What is expected: Using the listing below, retype only the lines from the line with "Bracelet Zag Thingy" through the end, both ends included, and exclude the pictures.

Task material:
BEGIN

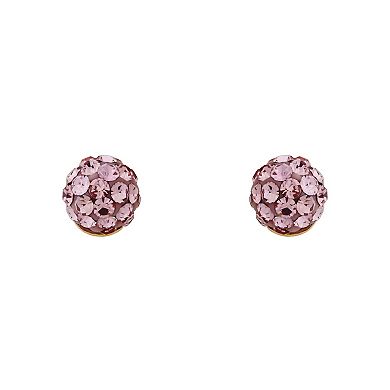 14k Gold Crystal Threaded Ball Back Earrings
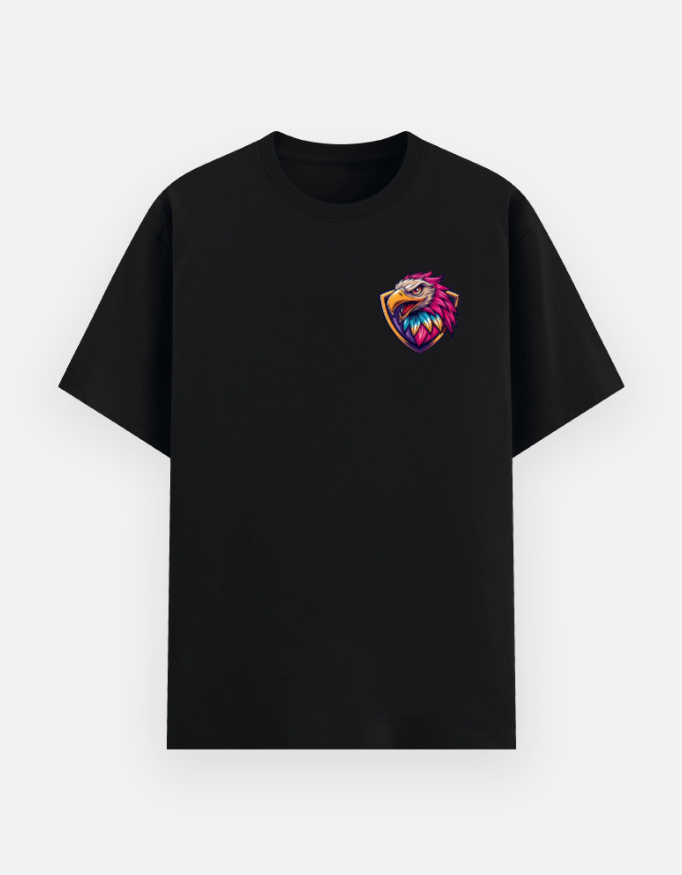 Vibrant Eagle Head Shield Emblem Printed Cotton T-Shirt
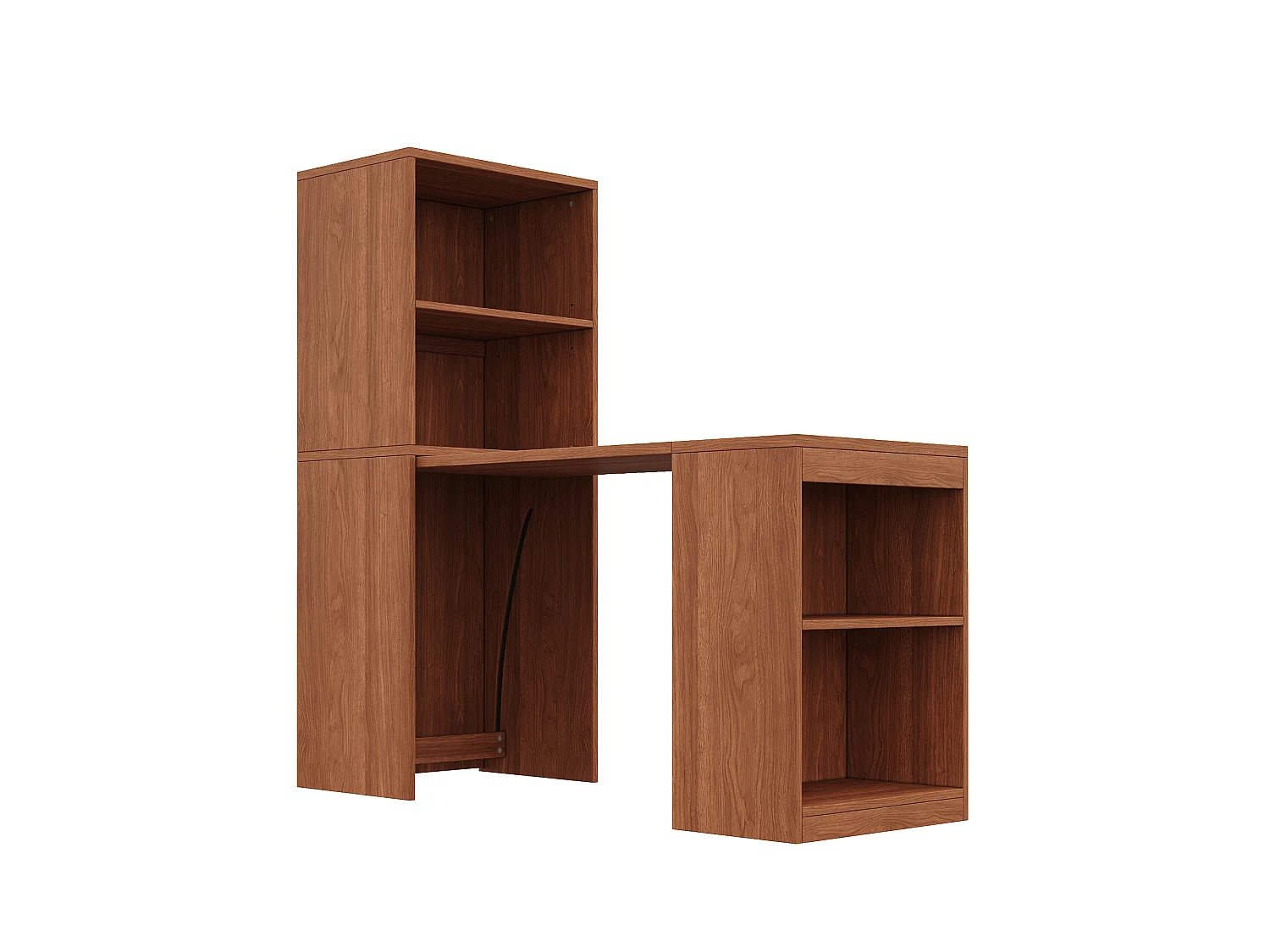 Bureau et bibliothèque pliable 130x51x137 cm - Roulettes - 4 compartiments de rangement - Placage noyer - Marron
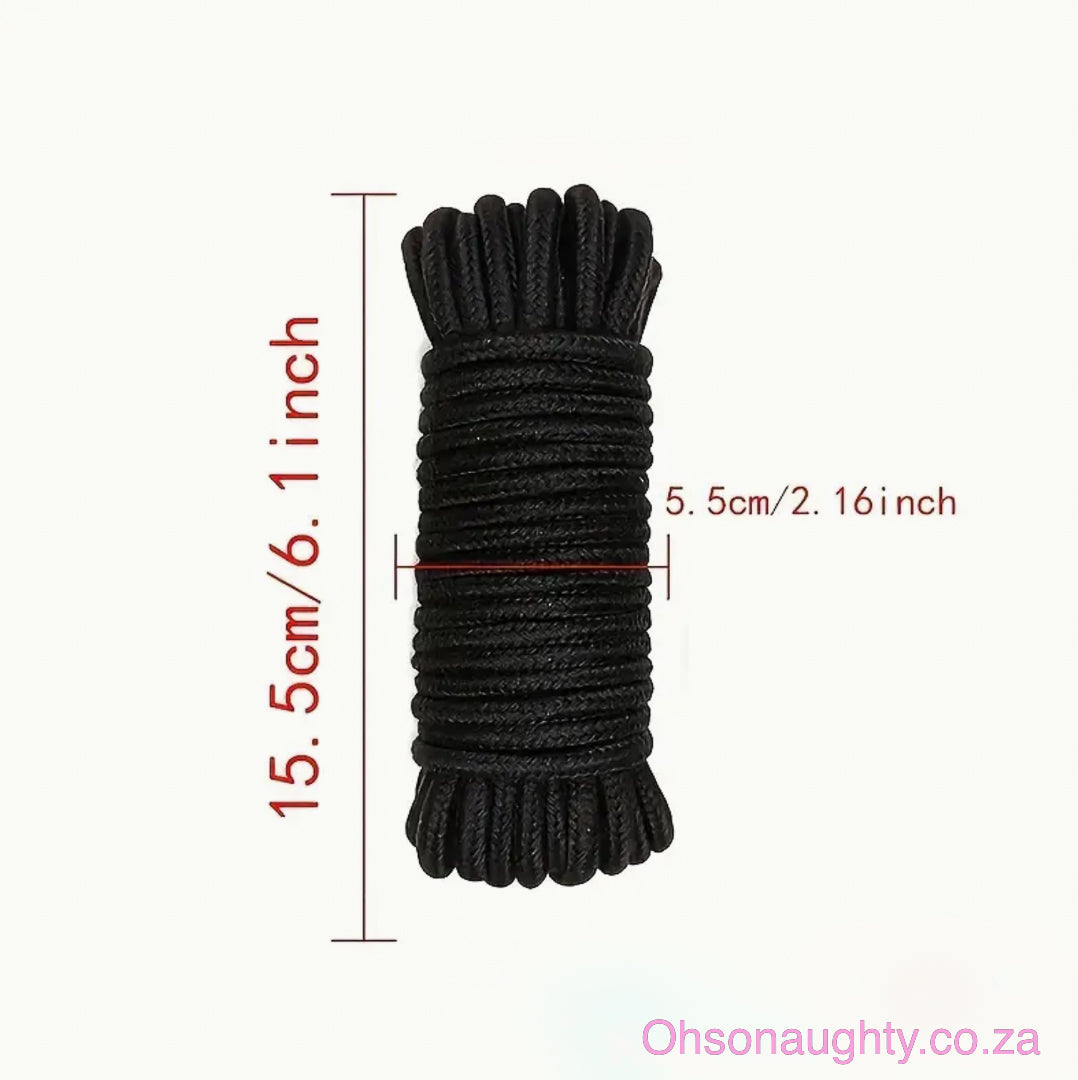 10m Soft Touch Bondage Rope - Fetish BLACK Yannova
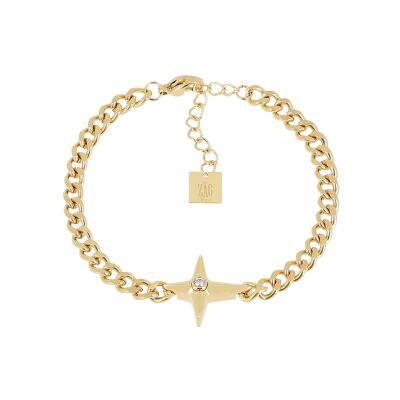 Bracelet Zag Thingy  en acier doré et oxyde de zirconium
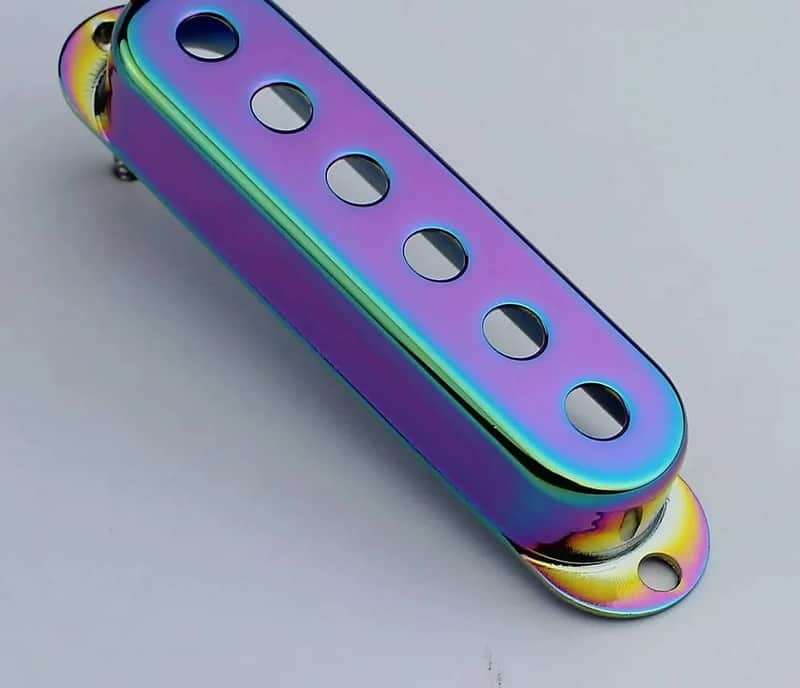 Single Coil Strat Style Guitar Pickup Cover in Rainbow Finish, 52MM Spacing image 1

END

Output of the exercise:
 Bracelet Zag Thingy  en acier doré et oxyde de zirconium
 Single Coil Strat Style Guitar Pickup Cover in Rainbow Finish, 52MM Spacing image 1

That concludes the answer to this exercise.